Official figures showed the Kingdom’s per capita income, which is calculated by dividing the gross domestic product by the population, swelled to a record SR55,216 (Dh54,375) in 2006 after the GDP surged by nearly 10.5 per cent and the population grew by only 2.5 per cent.
The surge in the GDP in 2006 was mainly due to a sharp rise in the country’s income that hit a record $165 billion (Dh605bn) after oil prices soared to more than $60 a barrel from around $52 in 2005, showed the figures by the Saudi Arabia Monetary Agency (Central Bank).
Experts expect the Kingdom’s per capita income in 2007 to exceed the 2006 level as the economy was projected to growth at least seven per cent while the population was to maintain its 2.5 per cent growth rate.

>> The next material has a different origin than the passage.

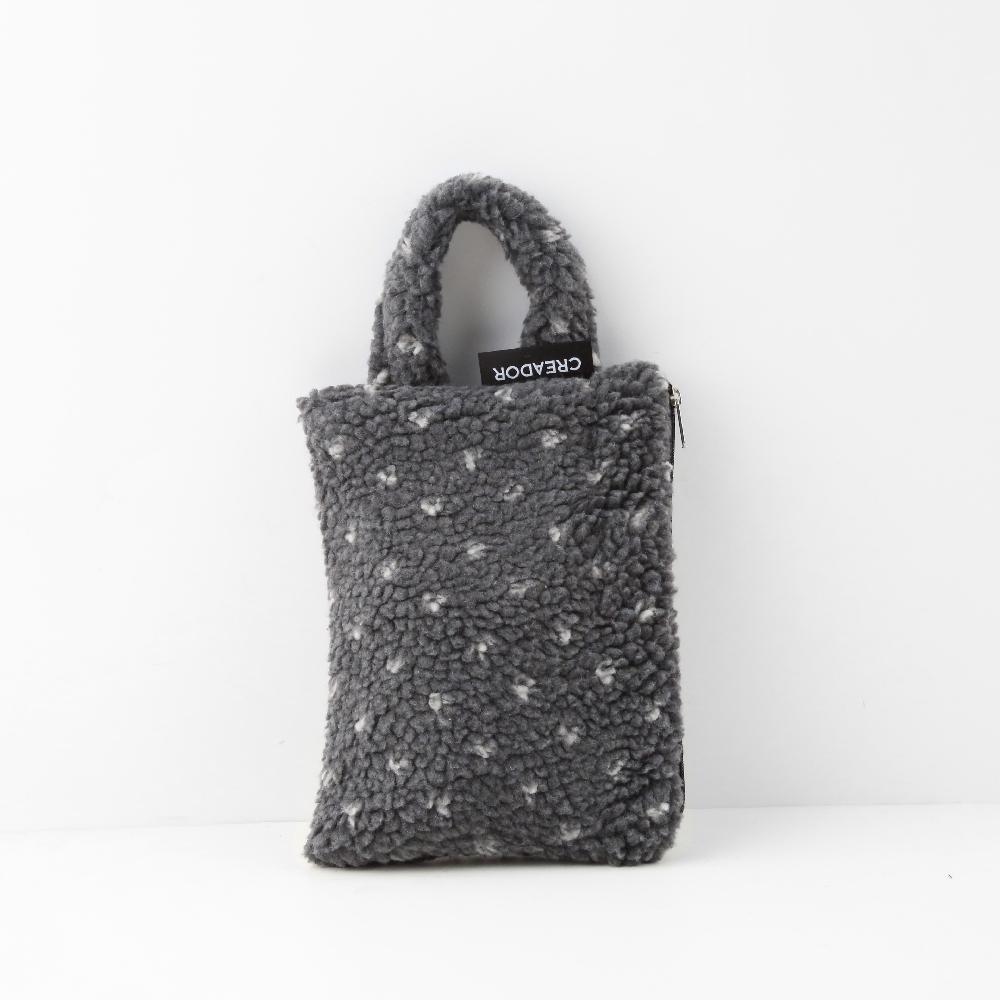 grey dot heart dumble handle pouch bag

“The per capita income in Saudi Arabia is expected to be at its highest level in current prices in 2007,” said Ihsan Bu Hulaiga, a Saudi economist. “This is because the economy is growing much faster than the population and due to a sharp rise in oil prices and public and private investments.”
Independent figures showed high oil prices in 2007 were expected to boost Saudi Arabia’s revenues to a record $176bn and they would continue their climb to nearly $190bn in 2008.
The price surge and growth in non-oil sectors pushed up the country’s GDP by around 10.5 per cent to SR1.307 trillion (Dh1.28trn) in 2006 from nearly SR1.182trn (Dh1.156trn) in 2005, according to Sama.
Its figures showed the per capita income stood at SR51,169 (Dh50,060) in 2005 and the population at 23.11 million, which grew to about 23.68 million in 2006, an increase of 2.5 per cent.
The per capita income tumbled to as low as SR28,033 (Dh27,571) in 1998 after oil prices plunged to one of their lowest levels of nearly $10 a barrel and the Kingdom’s crude production was below six million barrels per day compared with nearly nine million bpd in 2006.
Despite the surge over the past two years, Saudi Arabia lagged far behind smaller Gulf countries given their lower population ratios.